The study, published May 5 in the journal Archaeological and Anthropological Sciences, describes the 2022 discovery at the San Lázaro rock shelter on the outskirts of Segovia in central Spain.

Scientists have evidence that the region was heavily populated by Neanderthals between 44,000 and 41,000 years ago, but there is no evidence that early modern humans ever lived there.

"This find represents the most complete and oldest evidence of a human fingerprint in the world, unequivocally attributed to Neanderthals, highlighting the deliberate use of the pigment for symbolic purposes," Spain's National Research Council (CSIC) said in a translated statement.

An image of the red dot on the rock

An image of the red dot on the rock

ALVAREZ-ALONSO ET AL

But some experts are not convinced that the dot is symbolic.

Anthropologist and archaeologist Bruce Hardy of Kenyon College in Ohio said: "Clearly, the ocher has been intentionally applied with the fingerprint.
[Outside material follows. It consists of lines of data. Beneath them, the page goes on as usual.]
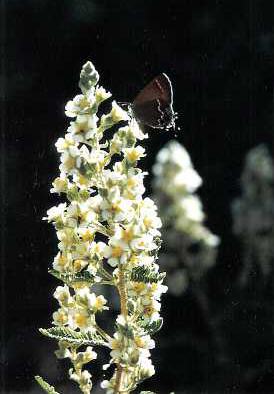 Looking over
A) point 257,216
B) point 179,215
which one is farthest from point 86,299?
point 257,216

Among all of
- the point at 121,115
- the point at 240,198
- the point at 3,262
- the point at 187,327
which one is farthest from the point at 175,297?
the point at 121,115

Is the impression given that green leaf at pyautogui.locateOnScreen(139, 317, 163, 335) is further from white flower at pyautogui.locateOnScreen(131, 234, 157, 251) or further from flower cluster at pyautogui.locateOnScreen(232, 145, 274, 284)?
flower cluster at pyautogui.locateOnScreen(232, 145, 274, 284)

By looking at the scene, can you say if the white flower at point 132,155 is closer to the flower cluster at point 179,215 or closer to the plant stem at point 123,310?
the plant stem at point 123,310

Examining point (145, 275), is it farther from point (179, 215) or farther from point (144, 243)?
point (179, 215)

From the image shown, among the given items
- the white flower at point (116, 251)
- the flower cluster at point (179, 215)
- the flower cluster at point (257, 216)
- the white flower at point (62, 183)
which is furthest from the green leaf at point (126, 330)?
the flower cluster at point (257, 216)

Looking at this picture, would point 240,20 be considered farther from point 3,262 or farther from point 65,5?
point 3,262

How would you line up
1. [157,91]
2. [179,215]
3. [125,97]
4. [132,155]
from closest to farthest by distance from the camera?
[132,155]
[157,91]
[179,215]
[125,97] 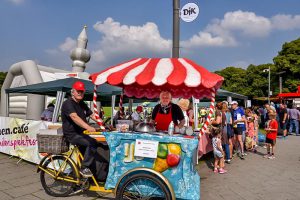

But I did not see a face symbolism is in the eye of the beholder."

Rebecca Wragg Sykes, a paleolithic archaeologist at the universities of Cambridge and Liverpool, thinks that even if the red dot is symbolic, the study's authors may have misunderstood its meaning.

"What the team infer to be a representation of a nose on a face might, if turned the other way up, be seen as a navel on a human figure," she told Live Science.

Durham University archaeologist Paul Pettitt also said that the rock was an "unequivocal example of the Neanderthal use of red pigment" but whether the red dot was truly symbolic remained unclear.